● GOAL OF THE EXERCISE
Write out the data below exactly as given, without any of its pictures.

● PROVIDED MATERIAL
* * * * * * *

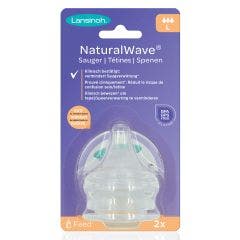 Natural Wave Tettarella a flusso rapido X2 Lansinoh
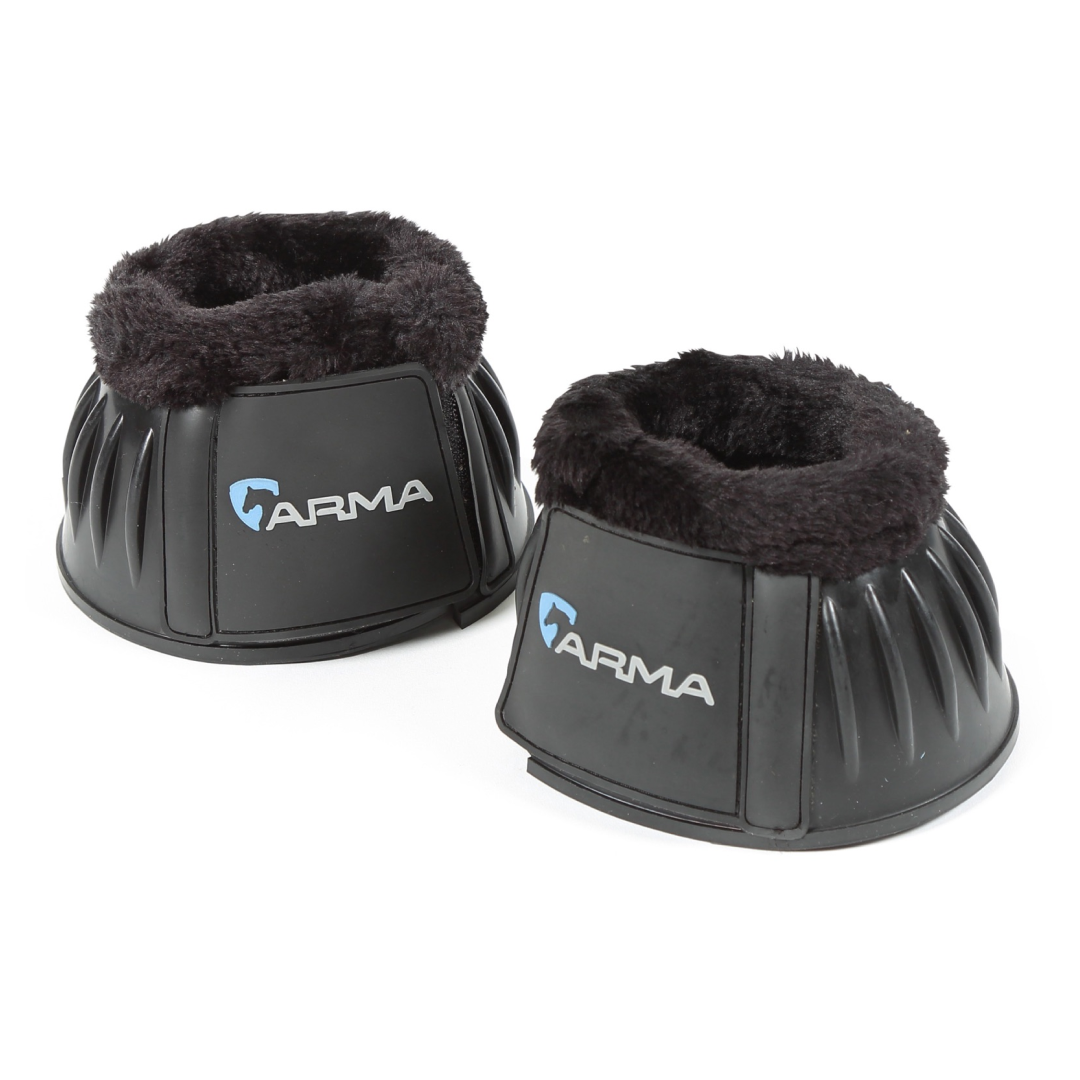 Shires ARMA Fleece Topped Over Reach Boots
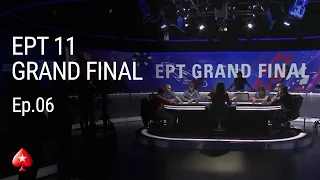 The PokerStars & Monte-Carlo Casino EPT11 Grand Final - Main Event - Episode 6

* * * * * * *

● RESULT FOR THIS EXERCISE
 Natural Wave Tettarella a flusso rapido X2 Lansinoh
 Shires ARMA Fleece Topped Over Reach Boots
 The PokerStars & Monte-Carlo Casino EPT11 Grand Final - Main Event - Episode 6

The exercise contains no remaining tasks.